Risk of development of bleedings. Drug is recommended to be used with care at the states which are characterized by the increased risk of bleedings: the inborn or acquired disturbances of coagulability of blood; aggravations of a peptic ulcer of digestive tract; bacterial endocarditis; thrombocytopenia; trombotsitopatiya; a hemorrhagic stroke, in the anamnesis; recently postponed operative measure on a head or spinal cord, and also on organs of sight; at heavy uncontrollable arterial hypertension (see the section "Special Instructions").

Besides, it is necessary to be careful at simultaneous use of an apiksaban with non-steroidal anti-inflammatory drugs (NPVP), (including, with acetylsalicylic acid) because these drugs increase risk of development of bleedings.

The operative measures tied with perepomy hip necks. Within clinical trials of Elikvis® it was not used at the patients who transferred urgent operative measures concerning a hip neck fracture therefore its efficiency and safety at this category of patients was not studied.

Overdose:

The antidote is not known. At overdose the risk of bleedings increases. Within controlled clinical trials апиксабан was accepted пероралыю by healthy volunteers in doses to 50 mg/days within from 3 to 7 days (25 mg, 2 times a day, within 7 days or 50 mg, 1 time a day, within 3 days) that is 10 times higher than the maximum recommended dose for the person; clinically significant undesirable effects at the same time were not noted.

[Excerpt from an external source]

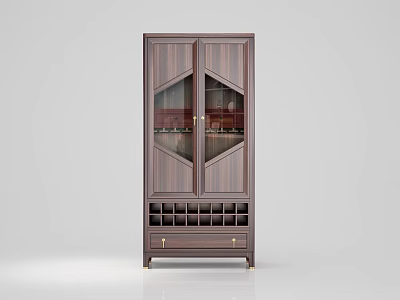 Dark Wood Wine Cabinet With Glass Doors And Wine Glass Storage Drawer 3d model
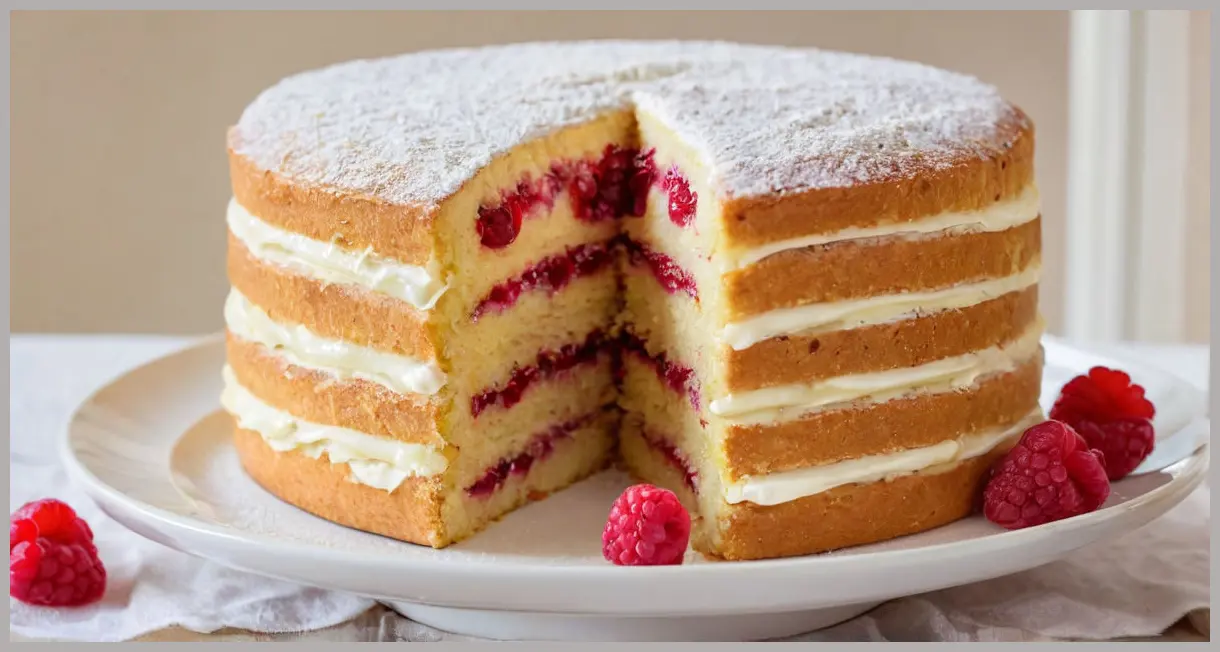 Close-up of a sliced vegan Victoria sponge cake with golden layers, raspberry jam, and lemon buttercream, dusted with icing sugar.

In case of overdose of this drug it is possible to consider a question of use of absorbent carbon.

Storage conditions:

To store at a temperature not above 30 °C. To store in the place, unavailable to children! A period of validity - 3 years. Not to use upon termination of a period of validity.

Issue conditions:

According to the recipe

Packaging:

Tablets are film coated, 2,5 mg. On 10 tablets in the blister from film PVH/PVDH. On 1,2 or 6 blisters together with the application instruction in a cardboard pack. On 10 tablets in the perforated blister from film PVH/PVDH. On 6 or 10 blisters together with the application instruction in a cardboard pack.